Every line of the data should be written out exactly, with the pictures left out.

Data records:
* * * *

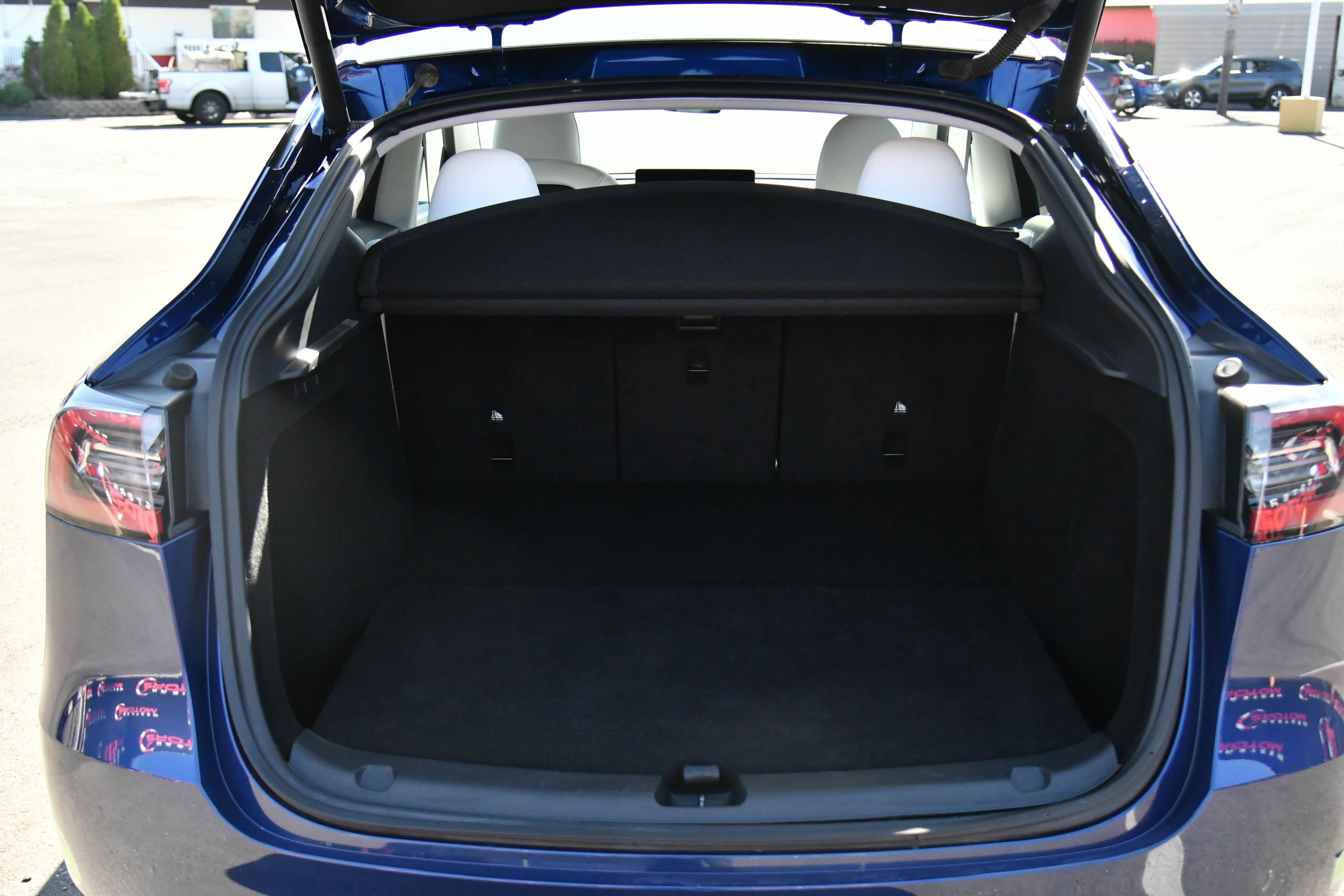 Used 2023 Tesla Model Y Long Range AWD/4WD image 37
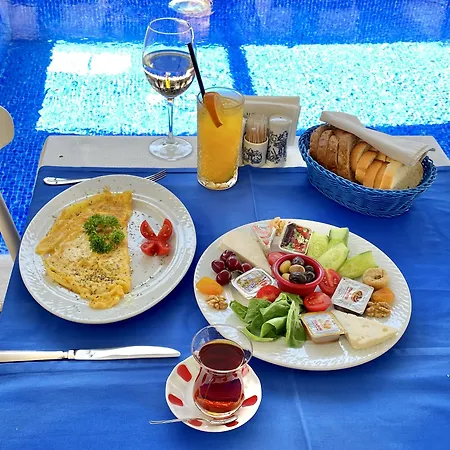 فندق Kervan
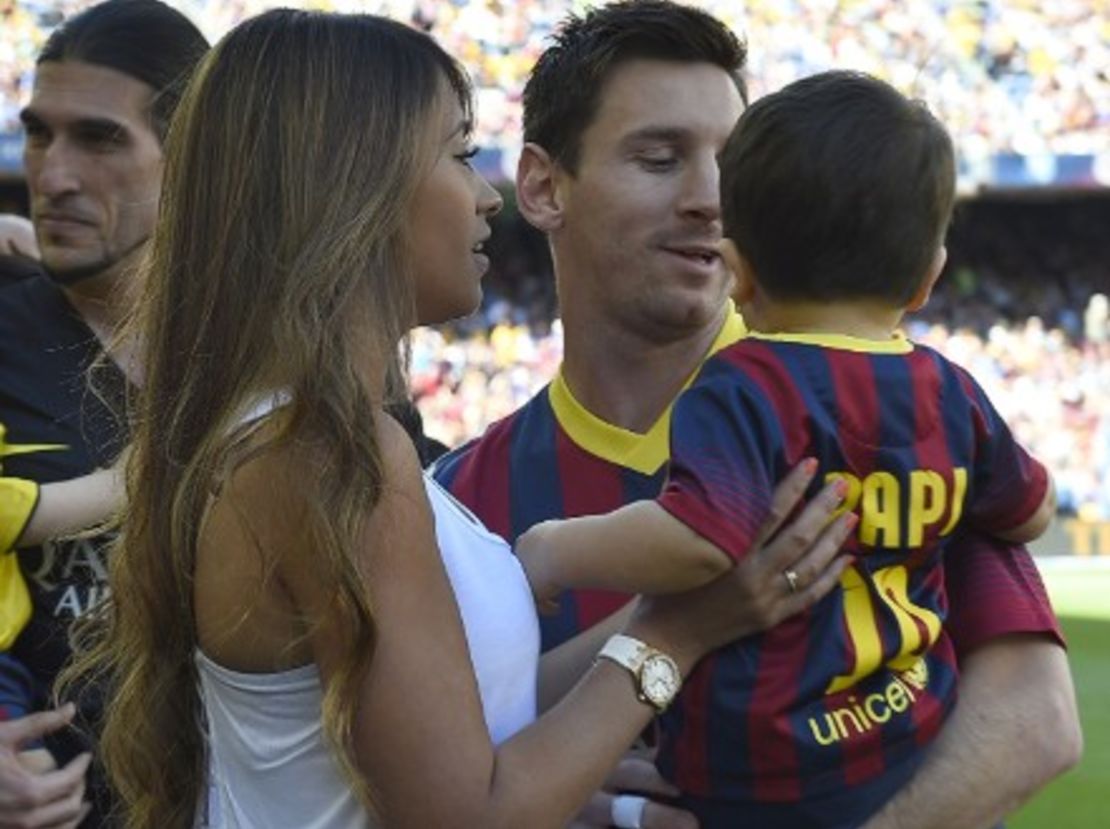 CNNE 152518 - image (1) 140616143806-lionel-messi-wife-entertain-feature-jpg for post 125420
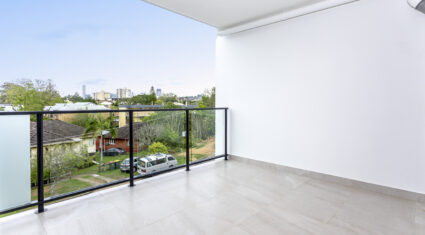 301/65 Depper St St Lucia , QLD 4067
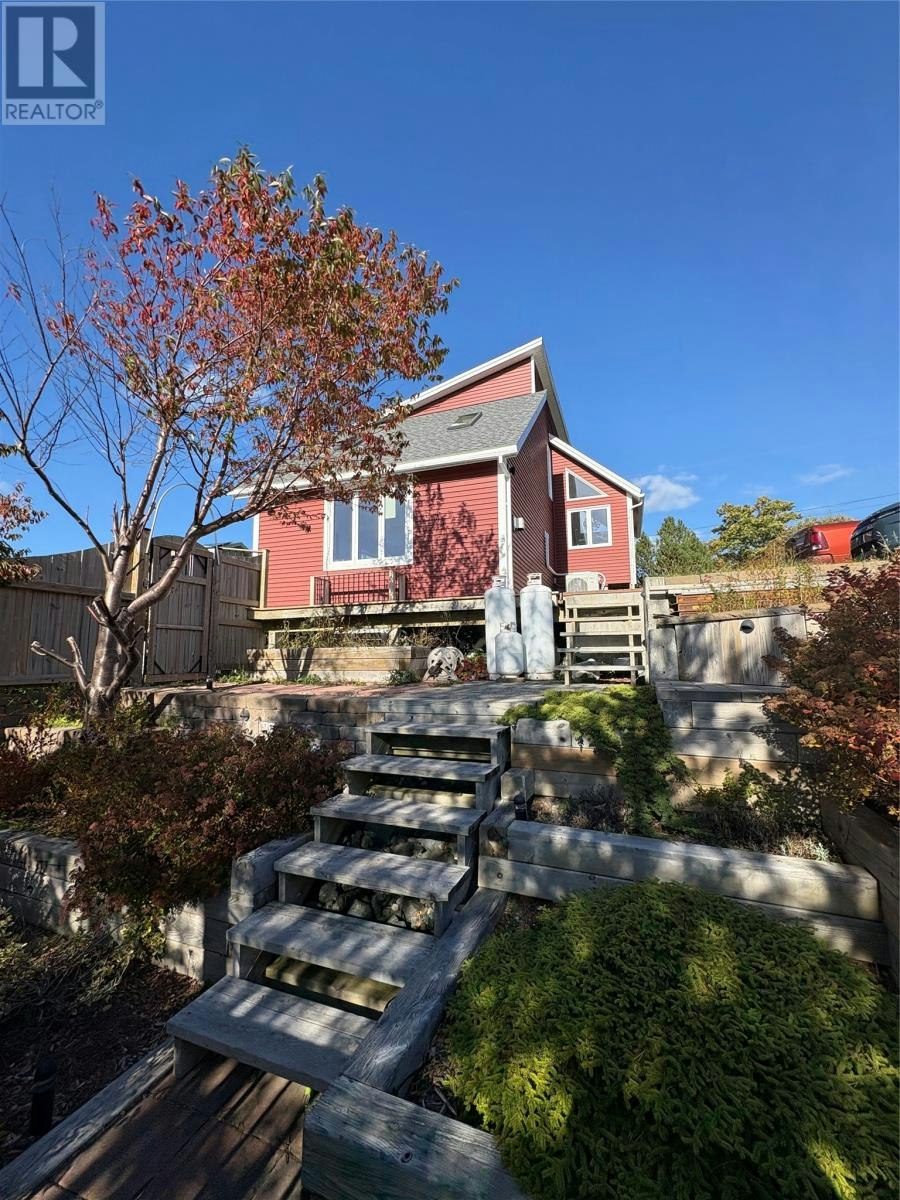 31 Readers Hill Crescent, Conception Bay South, NL, A1W 5B3 - 2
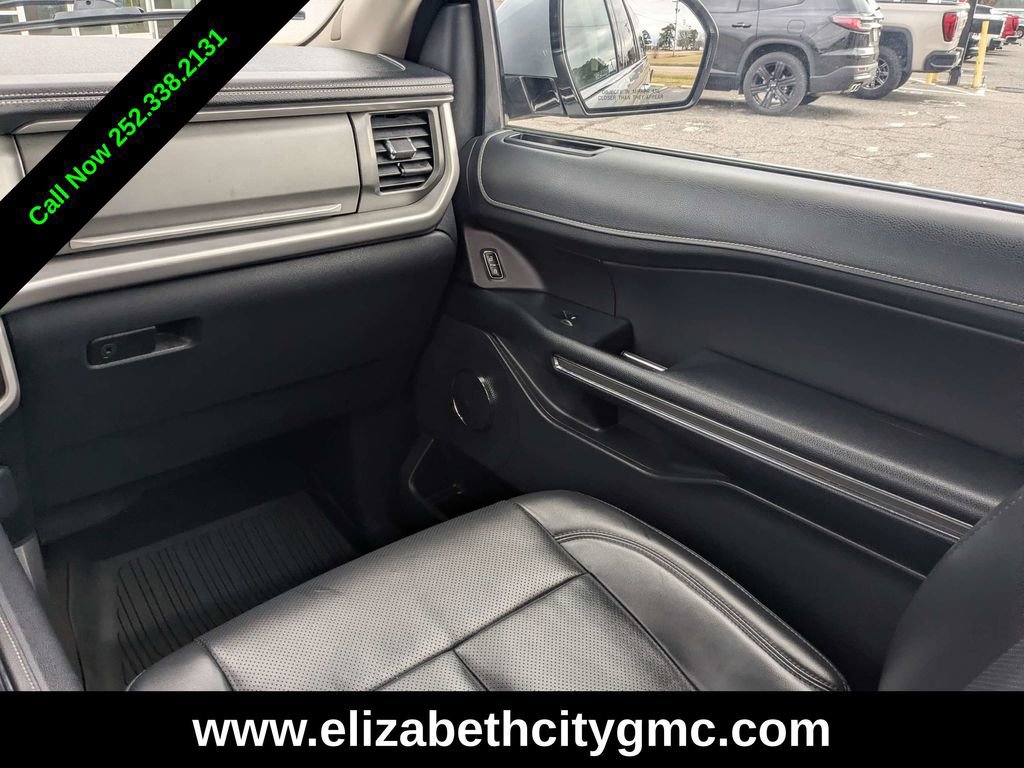 Used 2023 Ford Expedition Max XLT image 19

* * * *

* [Task result]
 Used 2023 Tesla Model Y Long Range AWD/4WD image 37
 فندق Kervan
 CNNE 152518 - image (1) 140616143806-lionel-messi-wife-entertain-feature-jpg for post 125420
 301/65 Depper St St Lucia , QLD 4067
 31 Readers Hill Crescent, Conception Bay South, NL, A1W 5B3 - 2
 Used 2023 Ford Expedition Max XLT image 19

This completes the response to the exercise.